Let me preface this by saying I am not crafty.
I woke up last week with an image in my head, an amalgam of a landscape I've been wanting to shoot layered with a model, and an outfit, and props. At lunch I found myself fumbling through the fabric store, buying felt and beads and sequins. The little voice that whispers this is absurd, this is not what you do was drowned out by the voice that said oh what the hell? If it turns out to be ridiculous, no one ever has to know.
I diligently sewed shiny bits to scraps of fabric last weekend, and when my confused mother and stepfather asked what are you doing? all I could say was maybe this is a mania, or maybe this is production value.

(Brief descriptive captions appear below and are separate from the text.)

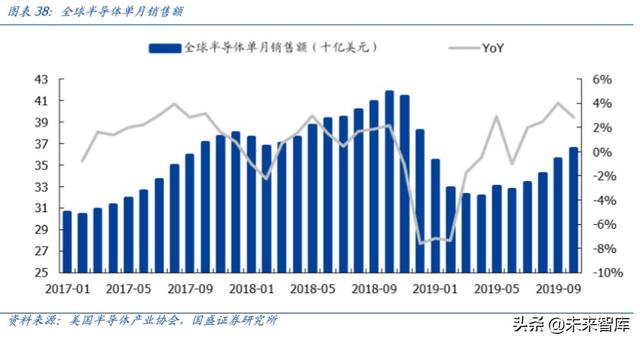 半导体行业深度报告之封测专题分析（100页）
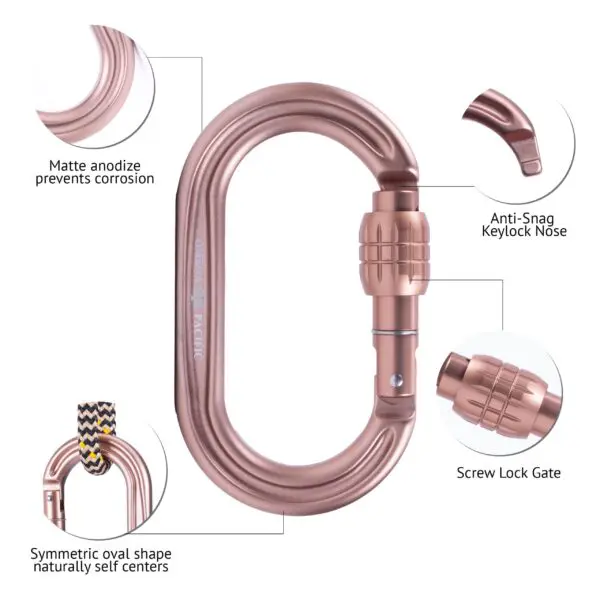 Image showing an Omega Pacific Raider Tactical Oval Screw-Lok Sand Tan with various labels highlighting its features. Labels include "Matte anodize prevents corrosion," "Anti-Snag Keylock Nose," "Screw Lock Gate," and "Symmetric oval shape naturally self centers." The carabiner is metallic and oval-shaped.
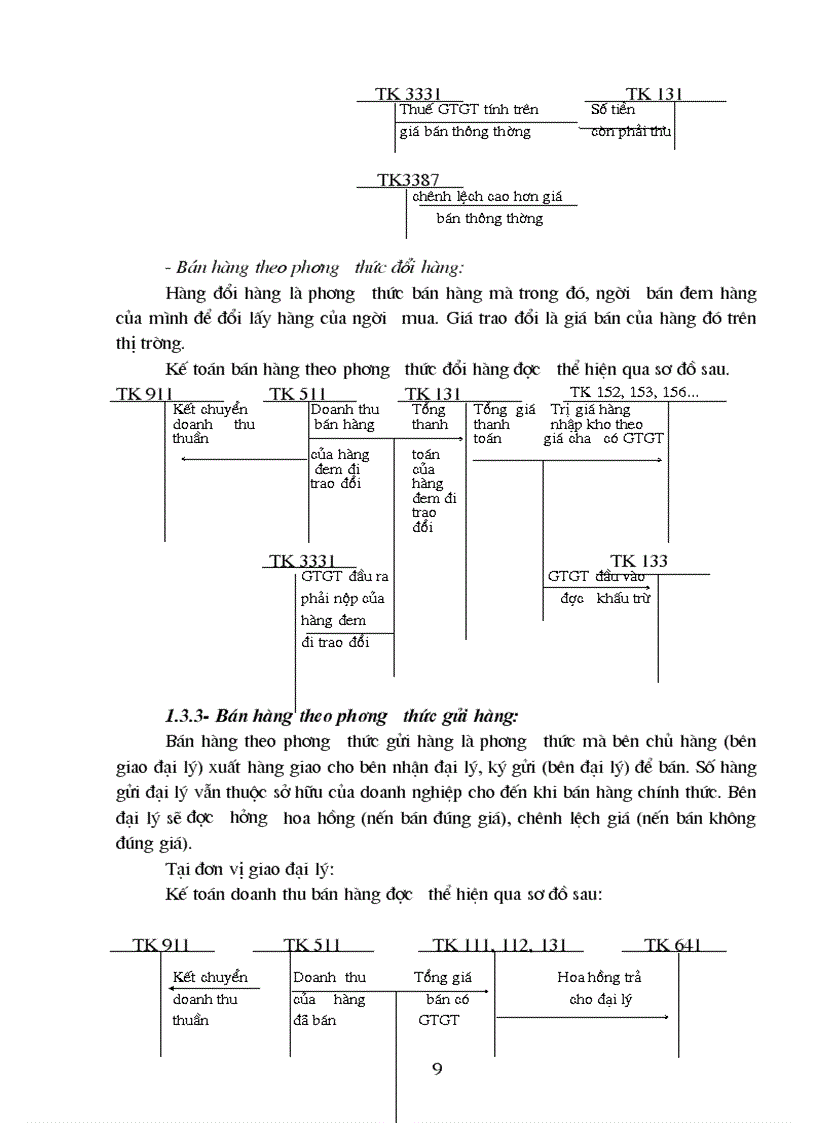 image for page Tổ chức kế toán bán hàng và xác định kết quả hoạt động sản xuất kinh doanh ở Nhà máy quy chế Từ Sơn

If you've been coming here long enough, you know that when I shoehorn photography into my day it is by shooting what happens to be in front of me. When I am successful, I manage to see it in an artful way. But lately I feel unsatisfied with that. I find myself dwelling in questions:
What differentiates this from any other snapshot?
How do I know if it's any good?
How can I make this more of a process?
How can I push this further?
I have an urge to bring more intention to this work. I have the urge to take a deep breath and dive further into the medium, to see if something uniquely mine exists there. I want to finally learn to use supplemental light, to master Photoshop, to play with storytelling.
I don't know if sequins and beads will lead me to where I want to go, but just in case it was the voice of the muse talking in my ear, I'll follow and see if anything interesting comes.